Confidence strong despite sharp decline in construction, PMI reveals

Sharp decline in house building leads to fastest fall in construction output since May 2020.

A sharp decline in house building led to the weakest UK construction performance for just over two-and-a-half years in January, but business optimism still reached a six month high, according to January’s PMI survey results.

Weaker client demand and fewer new project starts in recent months also contributed to the rate of decline being the fastest since May 2020.

In contrast, business expectations regarding the year ahead rebounded considerably since December 2022, with confidence reaching its highest level for six months. 

Survey respondents noted that the general economic outlook appeared to have improved, while some cited tentative signs of a turnaround in sales enquiries.

At 48.4 in January, down from 48.8 in December, the headline seasonally adjusted S&P Global / CIPS UK Construction Purchasing Managers’ Index® (PMI®) – which measures month-on-month changes in total industry activity – posted below the neutral 50.0 threshold for the second month running. 
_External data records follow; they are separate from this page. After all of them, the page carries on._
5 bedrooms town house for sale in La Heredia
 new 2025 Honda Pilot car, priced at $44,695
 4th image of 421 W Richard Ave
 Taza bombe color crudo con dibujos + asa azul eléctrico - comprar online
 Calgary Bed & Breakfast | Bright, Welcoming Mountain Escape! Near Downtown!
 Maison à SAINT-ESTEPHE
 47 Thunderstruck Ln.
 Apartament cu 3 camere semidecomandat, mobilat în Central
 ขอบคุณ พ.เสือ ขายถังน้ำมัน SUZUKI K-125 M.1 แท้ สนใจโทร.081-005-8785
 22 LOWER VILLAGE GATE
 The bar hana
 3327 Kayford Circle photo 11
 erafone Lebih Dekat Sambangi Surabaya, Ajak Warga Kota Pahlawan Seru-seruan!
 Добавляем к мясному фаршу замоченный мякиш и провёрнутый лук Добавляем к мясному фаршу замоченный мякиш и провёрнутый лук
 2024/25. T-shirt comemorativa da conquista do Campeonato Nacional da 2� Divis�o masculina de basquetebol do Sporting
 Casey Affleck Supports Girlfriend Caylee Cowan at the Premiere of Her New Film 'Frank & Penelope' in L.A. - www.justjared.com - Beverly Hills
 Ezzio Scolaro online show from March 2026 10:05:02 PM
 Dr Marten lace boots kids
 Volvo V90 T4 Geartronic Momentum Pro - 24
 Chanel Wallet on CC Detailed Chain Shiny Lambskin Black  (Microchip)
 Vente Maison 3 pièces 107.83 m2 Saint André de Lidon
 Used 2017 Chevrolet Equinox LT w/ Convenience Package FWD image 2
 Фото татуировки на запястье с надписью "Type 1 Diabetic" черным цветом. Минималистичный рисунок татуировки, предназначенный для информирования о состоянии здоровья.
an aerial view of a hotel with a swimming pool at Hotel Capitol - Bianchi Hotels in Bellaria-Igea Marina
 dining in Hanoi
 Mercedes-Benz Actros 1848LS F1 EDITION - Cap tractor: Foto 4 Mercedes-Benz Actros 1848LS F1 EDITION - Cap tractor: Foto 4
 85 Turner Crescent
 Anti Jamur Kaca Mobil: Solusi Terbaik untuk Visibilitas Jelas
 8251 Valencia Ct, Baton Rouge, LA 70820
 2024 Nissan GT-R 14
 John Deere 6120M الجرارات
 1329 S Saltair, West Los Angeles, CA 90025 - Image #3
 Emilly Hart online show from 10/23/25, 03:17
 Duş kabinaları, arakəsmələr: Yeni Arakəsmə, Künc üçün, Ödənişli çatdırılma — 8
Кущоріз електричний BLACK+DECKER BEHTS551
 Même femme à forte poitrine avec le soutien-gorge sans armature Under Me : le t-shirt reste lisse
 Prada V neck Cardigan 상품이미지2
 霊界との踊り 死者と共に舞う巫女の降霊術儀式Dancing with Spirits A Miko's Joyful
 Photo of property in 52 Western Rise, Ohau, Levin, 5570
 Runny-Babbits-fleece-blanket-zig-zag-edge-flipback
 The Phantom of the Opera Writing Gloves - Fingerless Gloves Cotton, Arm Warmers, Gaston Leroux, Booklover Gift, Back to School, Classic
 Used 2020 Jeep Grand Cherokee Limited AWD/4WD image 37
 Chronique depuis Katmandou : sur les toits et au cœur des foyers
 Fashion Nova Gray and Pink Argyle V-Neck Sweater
House building (index at 44.8) was the weakest-performing category of construction output in January, with the rate of contraction the steepest since May 2020. Lower volumes of residential work were attributed to rising borrowing costs, unfavourable market conditions and greater caution among clients.

Commercial activity (48.2) decreased for the first time in five months during January, reflecting softer demand and delayed decision making on new projects. Meanwhile, civil engineering activity (49.7) was close to stabilisation, with the latest reading the highest seen since June 2022.

Mirroring the trend for business activity, latest data indicated that employment numbers decreased for the second consecutive month in January. The rate of job shedding was the fastest for two years, with construction companies often commenting on hiring freezes and the non-replacement of voluntary leavers due to softer demand.

January data also pointed to the sharpest fall in purchasing activity since May 2020. Lower demand for construction products and materials helped to alleviate pressures on supply chains at the start of 2023.

Looking ahead, around 43% of the survey panel anticipate a rise in business activity over the year ahead, while only 17% forecast a decline. The resulting index signalled a sharp rebound in business expectations from the 31-month low seen in December 2022. 

Tim Moore, economics director at S&P Global Market Intelligence, which compiles the survey said: “For some firms, the recovery in business optimism to its highest for six months was driven by signs of a turnaround in new sales enquires at the start of 2023. 

“Other construction companies simply noted gradual improvements in the general economic outlook and hoped that confidence would return at a later stage this year to alleviate the current lack of momentum in the house building sector."

Dr John Glen, chief economist at the Chartered Institute of Procurement & Supply, said: "The continuing price pressures for energy and wages still remain a concern, along with the highest level of job shedding for two years and building skills remaining in short supply. 

“Evidently, there are still roadblocks ahead, but we should have faith that the sector can see a path through for better outcomes in 2023 after languishing in contraction in the last few months."

Mark Robinson, group chief executive at public sector procurement specialist SCAPE, said that public sector investment is going to be crucial if the industry – and the economy – is to return to growth quickly, thanks to the confidence it provides around future workloads.

He said: “A continued decline in construction activity is concerning, yet no surprise given recent economic forecasts. However, local authorities will need to maximise the use of existing funding pots in order to encourage major regeneration and attract investment that is crucial to the future of the UK’s towns and cities.”

PMI data was collected between 12-30 January 2023.